**WHAT THE EXERCISE ASKS**
Using the data below, restate exactly every line from the one with "And those events" up to and including the one with "When you look". No picture belongs in it.

**INPUT MATERIAL**
------------------------------------------------------------------------
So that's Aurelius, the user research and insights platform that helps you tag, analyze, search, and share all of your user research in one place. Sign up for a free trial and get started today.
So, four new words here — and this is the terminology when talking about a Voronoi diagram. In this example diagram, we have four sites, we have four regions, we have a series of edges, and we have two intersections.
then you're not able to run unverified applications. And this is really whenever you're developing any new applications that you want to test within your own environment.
------------------------------------------------------------------------
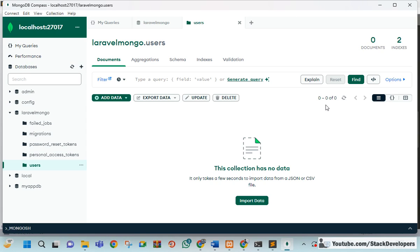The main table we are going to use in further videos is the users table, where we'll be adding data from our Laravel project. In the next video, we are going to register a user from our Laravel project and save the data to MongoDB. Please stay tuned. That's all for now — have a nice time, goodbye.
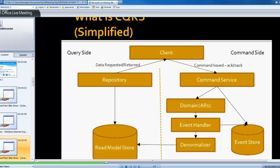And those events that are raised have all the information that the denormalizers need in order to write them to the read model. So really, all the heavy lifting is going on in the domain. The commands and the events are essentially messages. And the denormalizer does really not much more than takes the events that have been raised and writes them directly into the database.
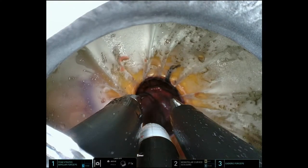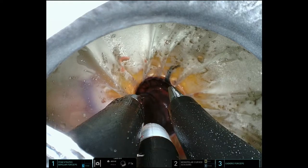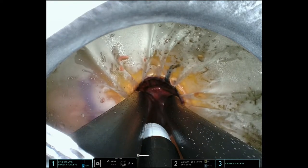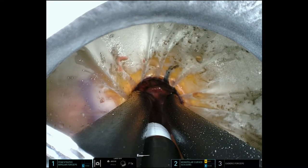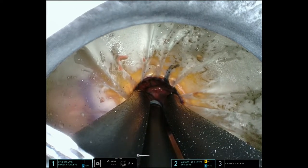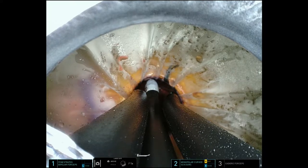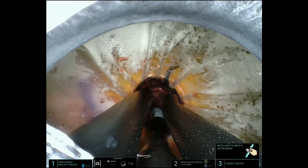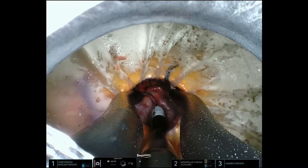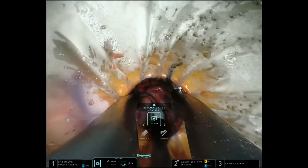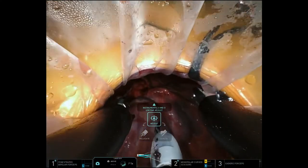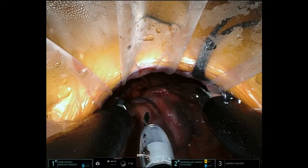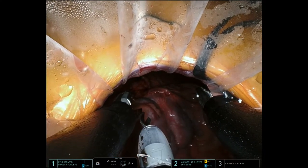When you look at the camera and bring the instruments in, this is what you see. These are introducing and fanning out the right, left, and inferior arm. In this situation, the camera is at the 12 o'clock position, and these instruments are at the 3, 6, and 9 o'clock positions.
------------------------------------------------------------------------
**TASK RESULT**
And those events that are raised have all the information that the denormalizers need in order to write them to the read model. So really, all the heavy lifting is going on in the domain. The commands and the events are essentially messages. And the denormalizer does really not much more than takes the events that have been raised and writes them directly into the database.
When you look at the camera and bring the instruments in, this is what you see. These are introducing and fanning out the right, left, and inferior arm. In this situation, the camera is at the 12 o'clock position, and these instruments are at the 3, 6, and 9 o'clock positions.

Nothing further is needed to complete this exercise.